Physical adsorption of argon, krypton and nitrogen on iron and pyrex at very low pressures

Abstract

Physisorption of argon, krypton, and nitrogen on Pyrex and iron was studied by a static technique in a constant volume system, in the temperature range 77.4 to 90.2°K and in the pressure range 10⁻⁹ to 10⁻⁴ torr. Analyses via Electron Spectroscopy for Chemical Analysis (ESCA), Scanning Electron Microscopy (SEM), and Neutron Activation Analysis (NAA) were made to characterize the solid sample surfaces. Both Pyrex and iron surfaces were degreased with ethylene dichloride. The iron surface was further cleaned using the Diversey process. Both surfaces were given a mild bake in vacuum. A modified Dubinin-Radushkevich-Polanyi (D-R-P) theory was used for interpreting the experimental results. This theory assumes that the adsorbed phase is not necessarily liquid-like and is a function of adsorption temperature. Comparisons were made between the modified and the original theories and it was found that the modified theory had a wider applicability and gave better data correlation for all five systems in the present study. It was found that the Dubinin-Radushkevich (D-R) parameter B, and the limiting (maximum) adsorption energy, (π/4)^½ (B), ^-½ of all systems were primarily dependent on the adsorbate. A correlation between the limiting mean adsorption energy and the polarizability of adsorbate was made. From the D-R parameter, N_m, it was found that the effect of the Diversity process on iron was to increase the surface area.

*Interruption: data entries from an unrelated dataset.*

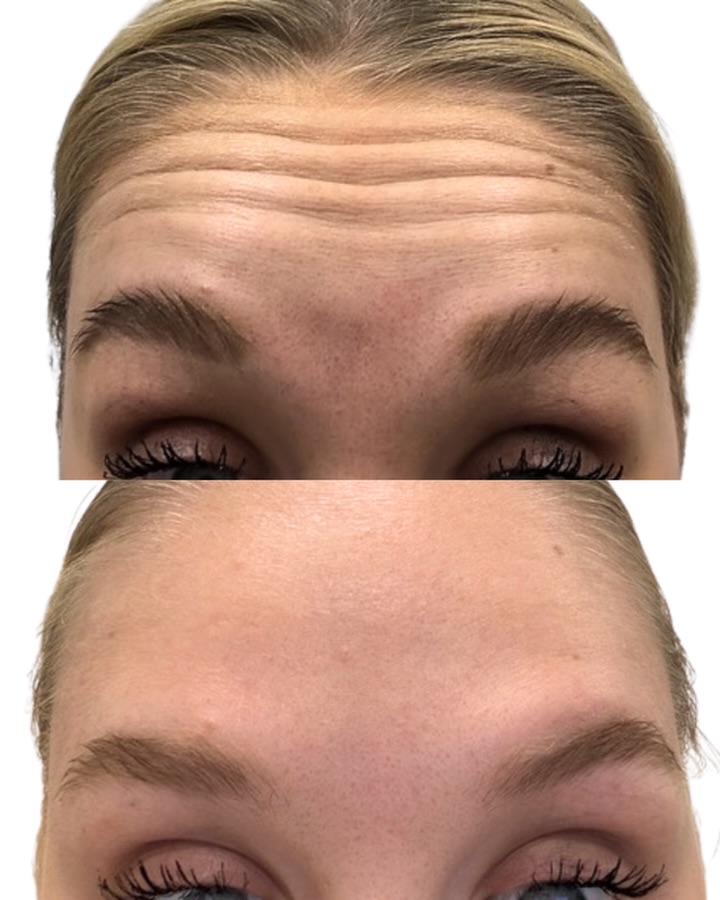 Instagram post by Dr. Marta I. Rendon: Smooth forehead, still looks like you. ✨ Forehead lines softened with Botox by Ebu Scohy, PA-C. Natural, refreshed results that don’t read a…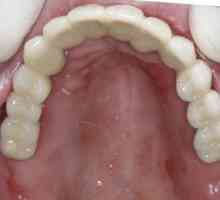 Dentures`Akri-Free: descriere, avantaje și dezavantaje, recenzii ale dentiștilor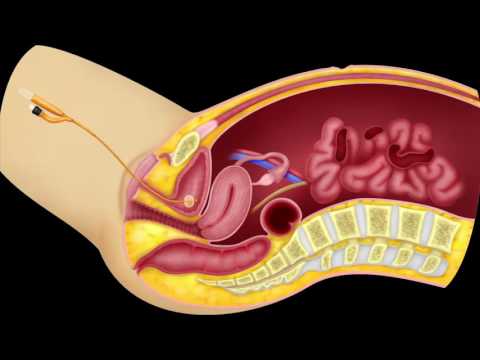 Complications Of Laparoscopic Surgery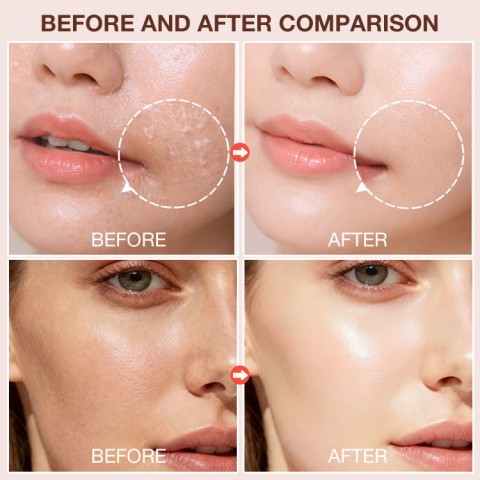 30 Seconds Micro-Bubble Mask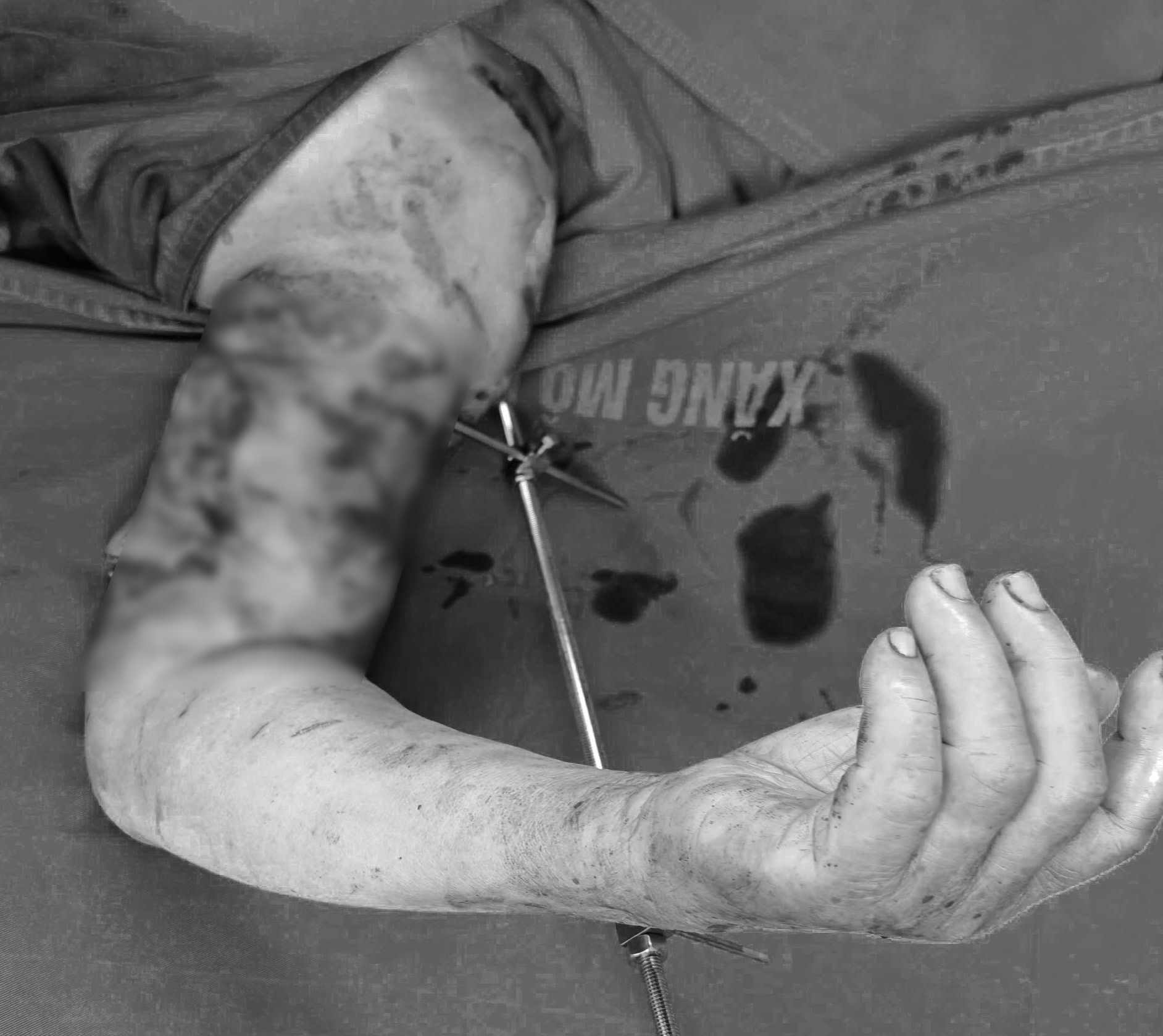 The woman was seriously injured by a dog she raised for 10 years. Photo: BVCC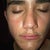 Septoplasty Community Photo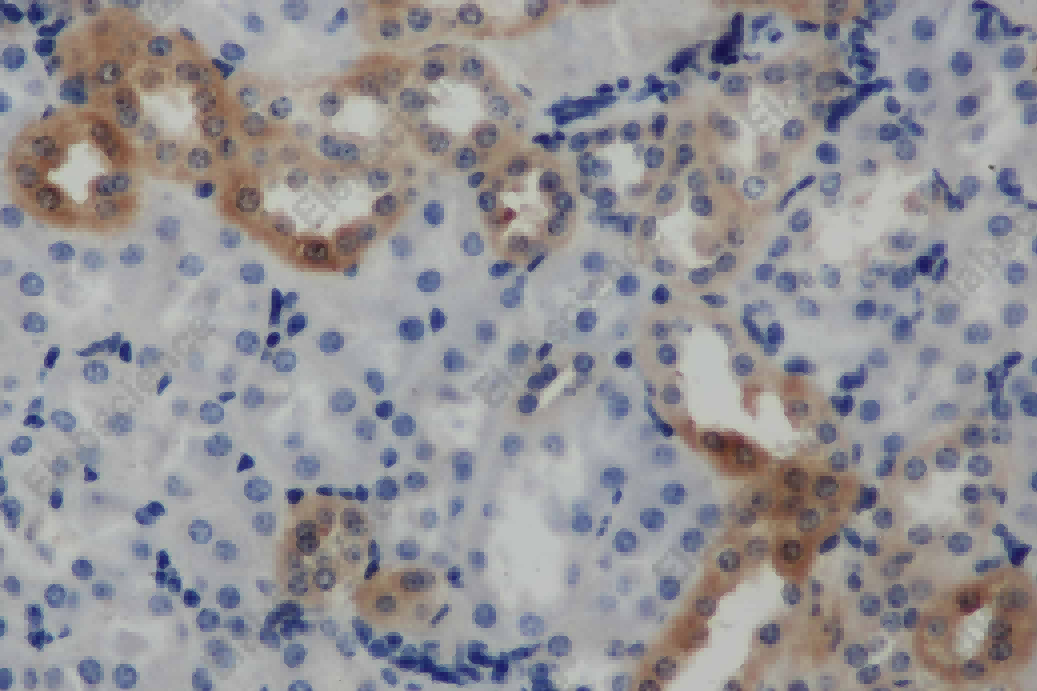 ARF6 Polyclonal Antibody - 2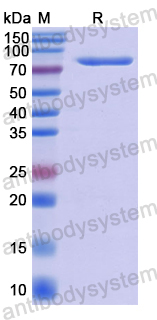 Recombinant Human SEMA5B Protein, N-His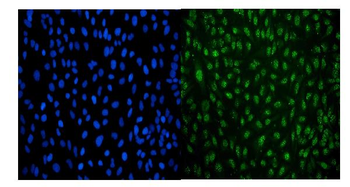 LSM8 Mouse Monoclonal Antibody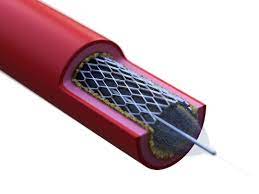 La vie quotidienne après un pontage ou la pose d'un stent dépend de la procédure et du patient. Angioplastie Stent Duree Principes Convalescence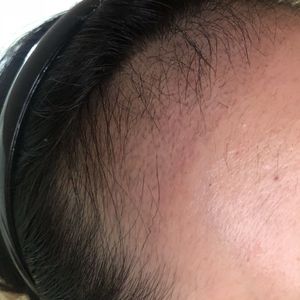 发际线分享社区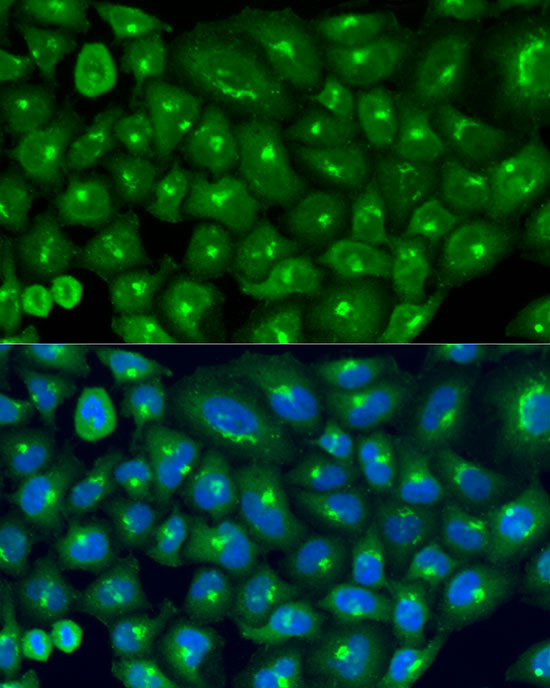COG7 Rabbit Polyclonal Antibody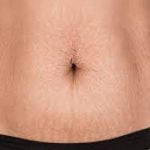 Stretch Marks Removal Question And Answer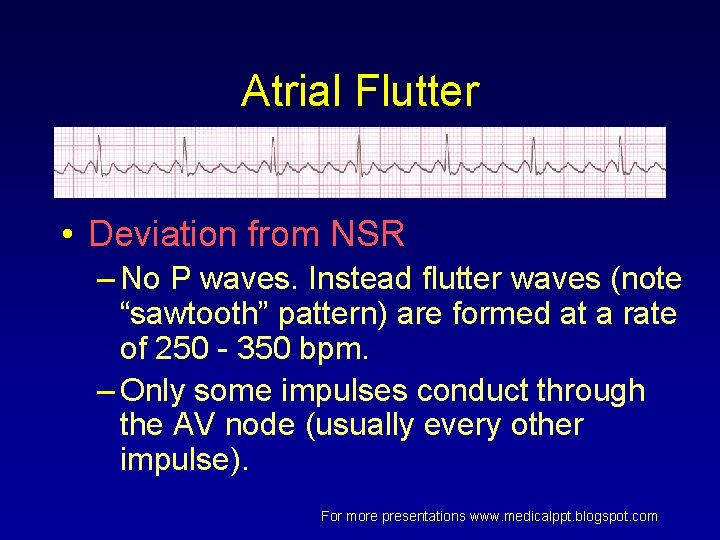 Atrial Flutter • Deviation from NSR – No P waves. Instead flutter waves (note Atrial Flutter • Deviation from NSR – No P waves. Instead flutter waves (note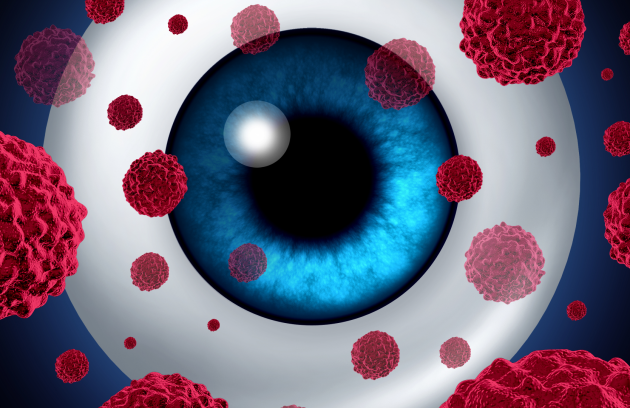 Oküler Melanom (Göz Melanomu) Nedir?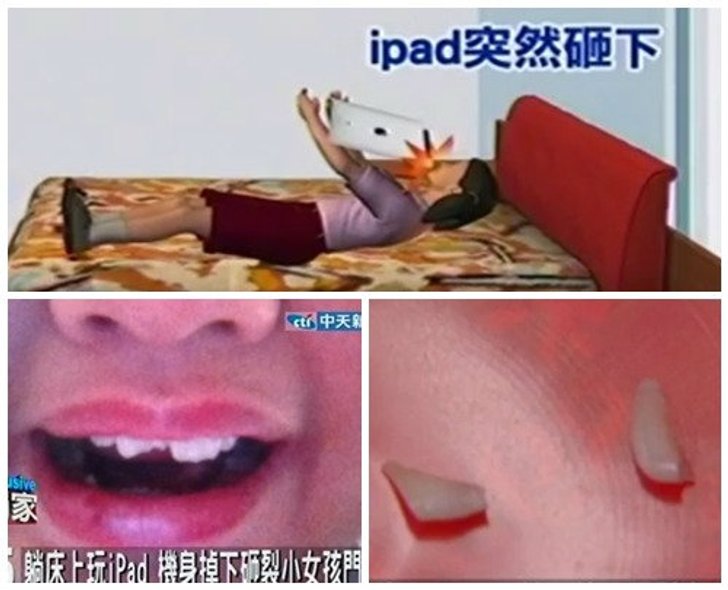 หนูน้อยนอนเล่น New iPad เครื่องร่วงกระแทกหน้าฟันหักยับ! (มีคลิป)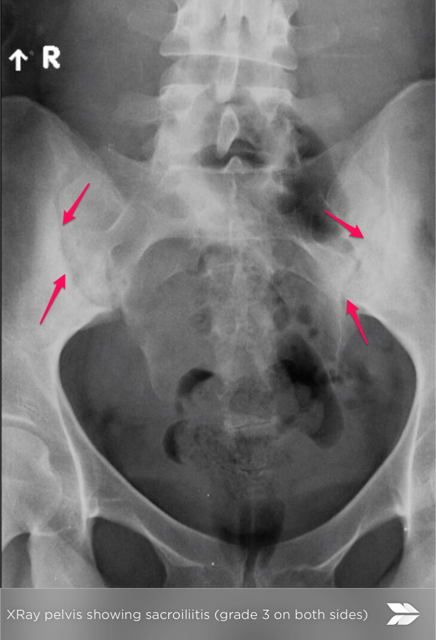 Sacroiliac X-rays in of Ankylosing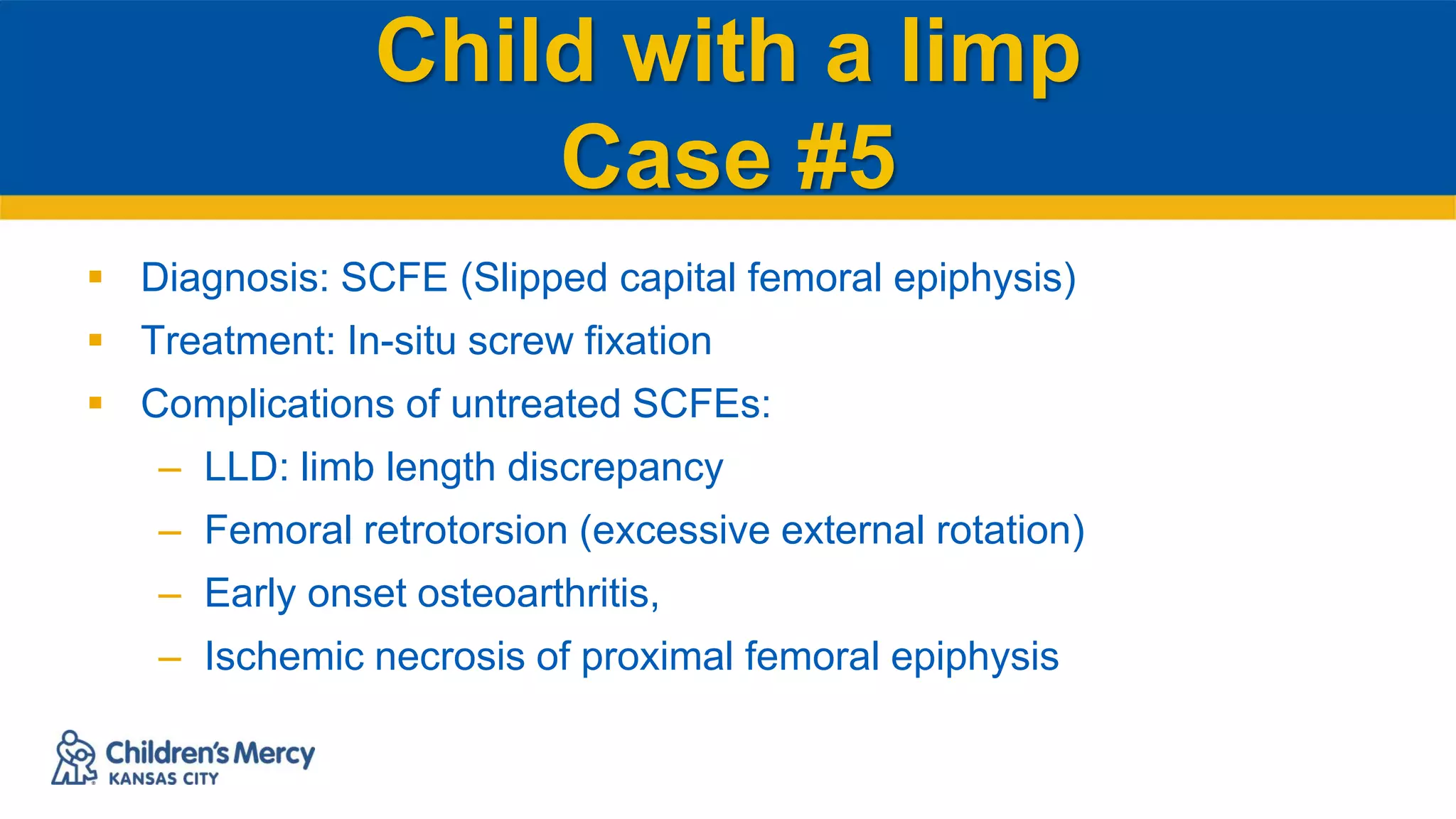 Child with a limp
Case #5
 Diagnosis: SCFE (Slipped capital femoral epiphysis)
 Treatment: In-situ screw fixation
 Complications of untreated SCFEs:
– LLD: limb length discrepancy
– Femoral retrotorsion (excessive external rotation)
– Early onset osteoarthritis,
– Ischemic necrosis of proximal femoral epiphysis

Isotherms of the argon/Pyrex system showed that Henry's Law behavior was reached at low coverages and high temperatures. Isosteric heats of adsorption were calculated for all systems. Isosteric heat versus coverage curves indicated that the Pyrex surface was heterogeneous and the iron surface was less heterogeneous. The magnitude of isosteric heats also indicated that all three gases were physisorbed on the Pyrex and iron.

Work function measurements were taken simultaneously with the adsorption isotherm measurements. The results were marginal but confirmed that nitrogen was physisorbed on iron. Water contact angles on Pyrex and iron surfaces were also measured. It was found that the contact angle was very sensitive to the surface contamination and that ordinary laboratory air may contaminate the sample surface very rapidly. A finite water contact angle on Pyrex was found instead of a zero contact angle as is generally used in many works.